:: ASSIGNMENT ::
From the entries below, write out exactly the lines between the line holding "Sri Lanka 'dan" and the line holding "91家纺网 家纺一手货源 找家纺", inclusive, excluding any pictures.

─── DATA LISTING

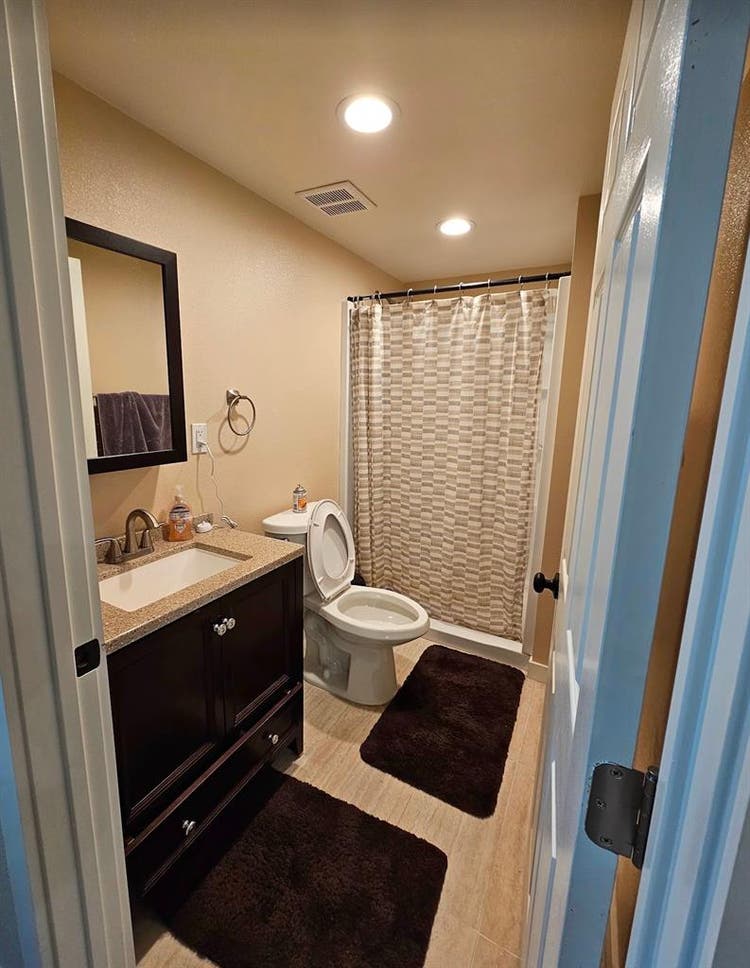 Furnished Single Room Shared Bathrm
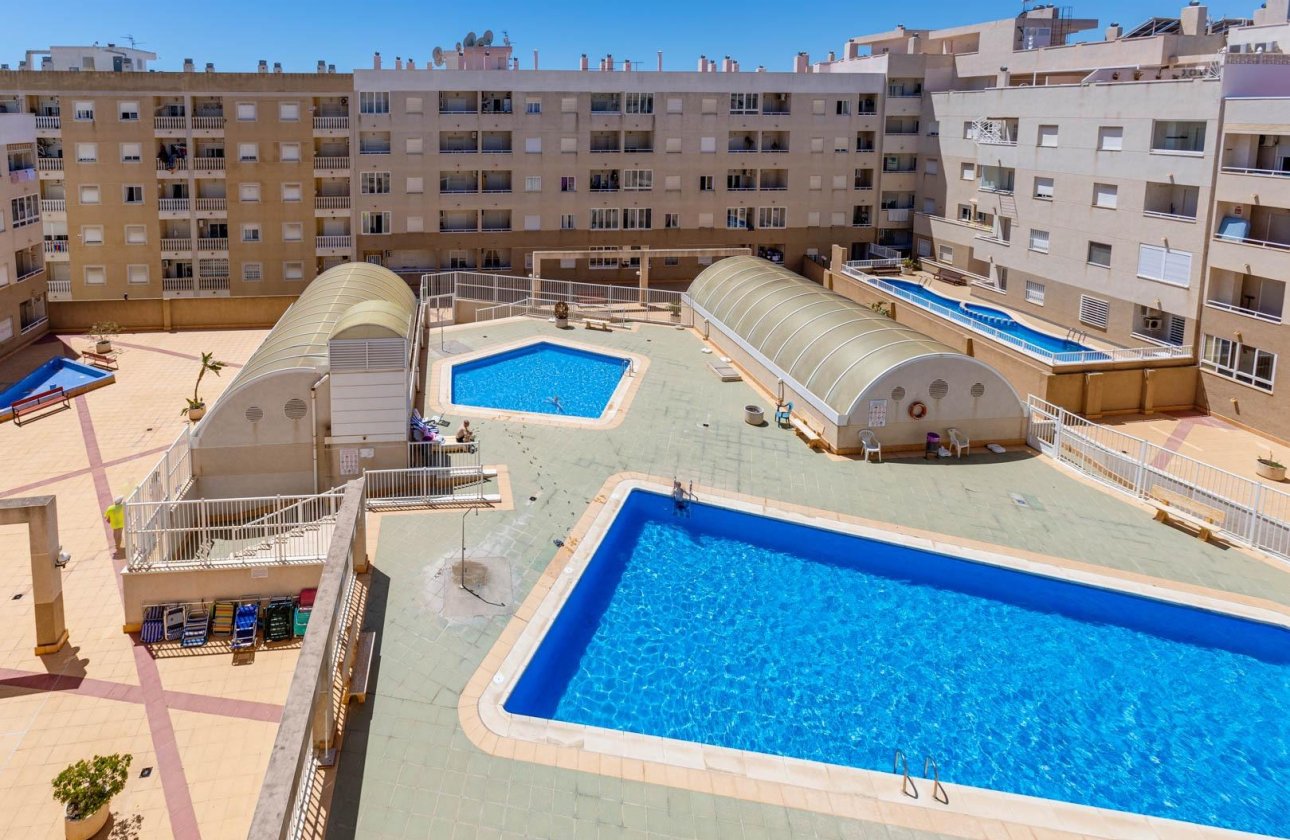 Herverkoop - Appartement -
Torrevieja - Centro
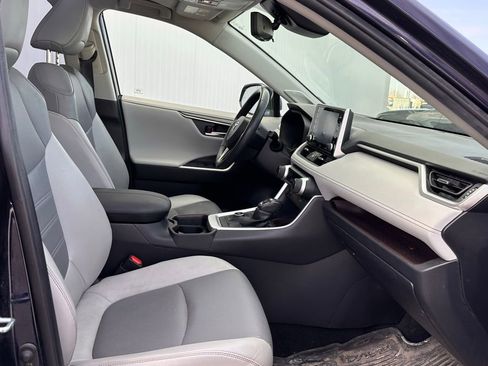 Used 2021 Toyota RAV4 Limited image 22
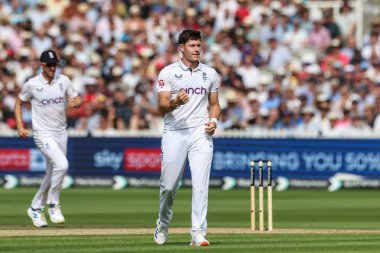 Sri Lanka 'dan Angelo Mathews, İngiltere' den Ben Duckett 'in İngiltere' ye karşı Sri Lanka 2. Rothesay Test Maçı 3 gününde Londra, Birleşik Krallık 'ta 31 Ağustos 2024' te görevden alınmasını kutluyor.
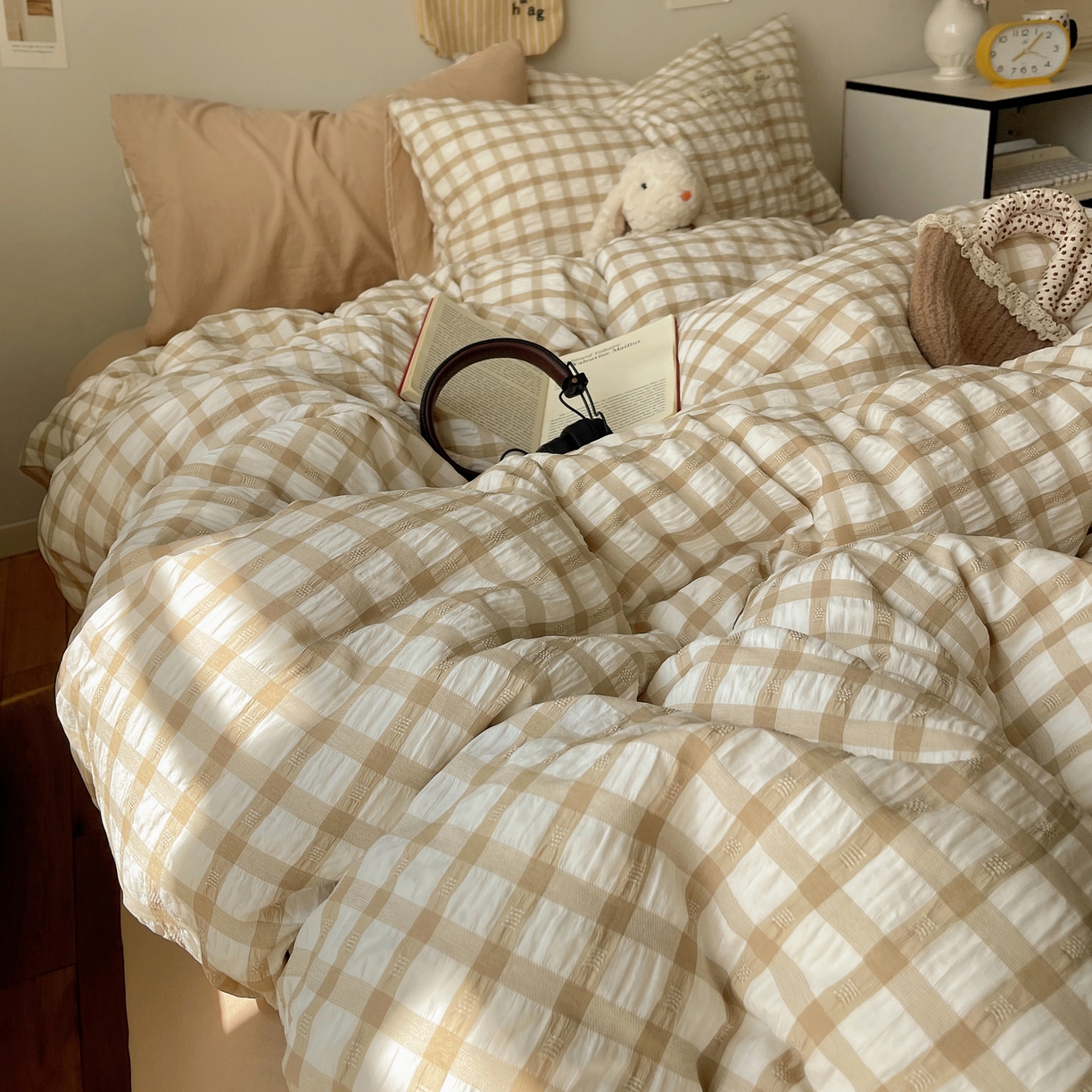 91家纺网 家纺一手货源 找家纺 顾里2025新款韩系格子阳离子泡泡纱四件套-第二组 复古奶咖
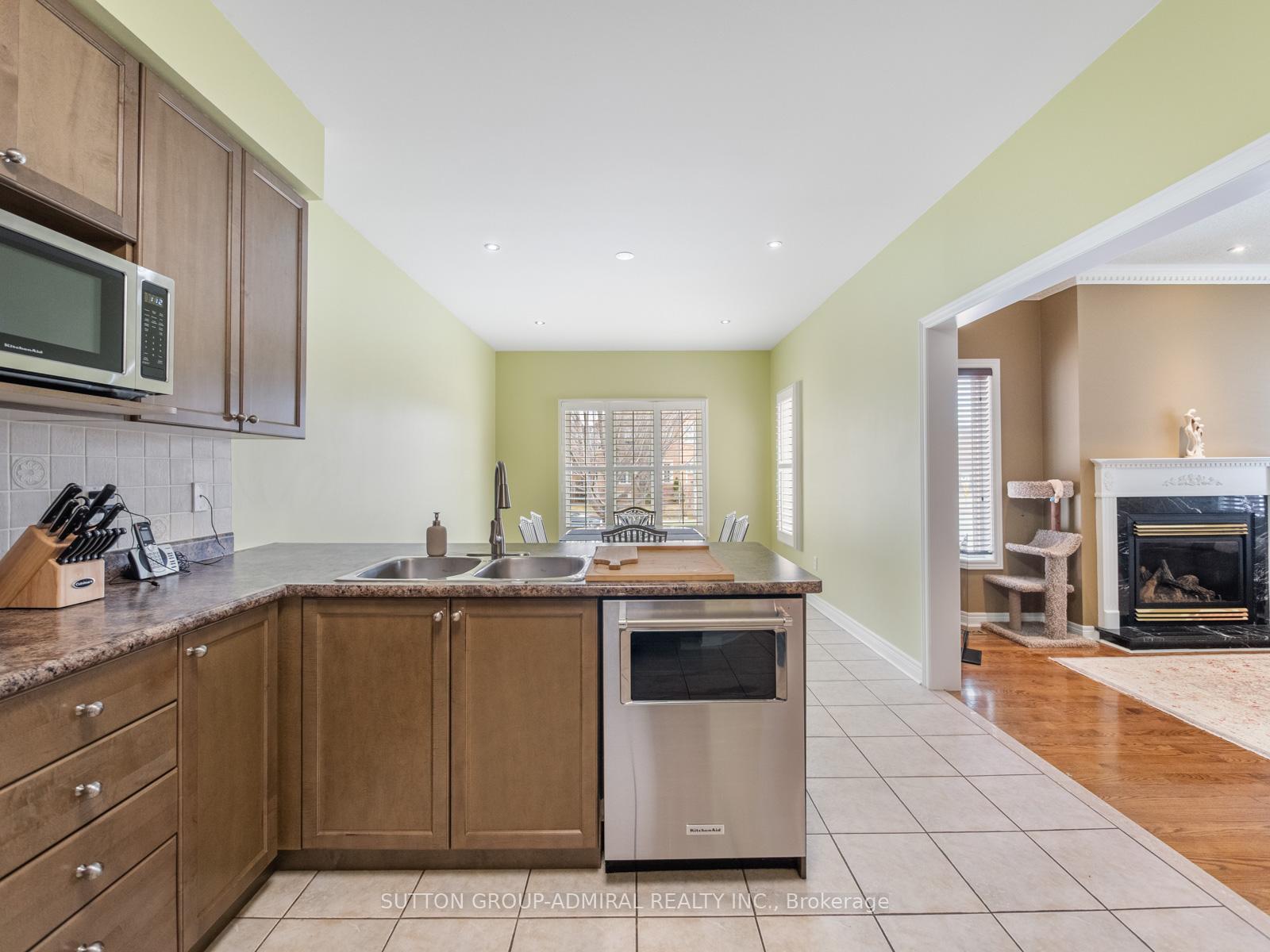 Photo 11 of 450 Pleasant Ridge Avenue, Vaughan, Patterson — HOMEH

──────

:: ANSWER SPACE ::
 Sri Lanka 'dan Angelo Mathews, İngiltere' den Ben Duckett 'in İngiltere' ye karşı Sri Lanka 2. Rothesay Test Maçı 3 gününde Londra, Birleşik Krallık 'ta 31 Ağustos 2024' te görevden alınmasını kutluyor.
 91家纺网 家纺一手货源 找家纺 顾里2025新款韩系格子阳离子泡泡纱四件套-第二组 复古奶咖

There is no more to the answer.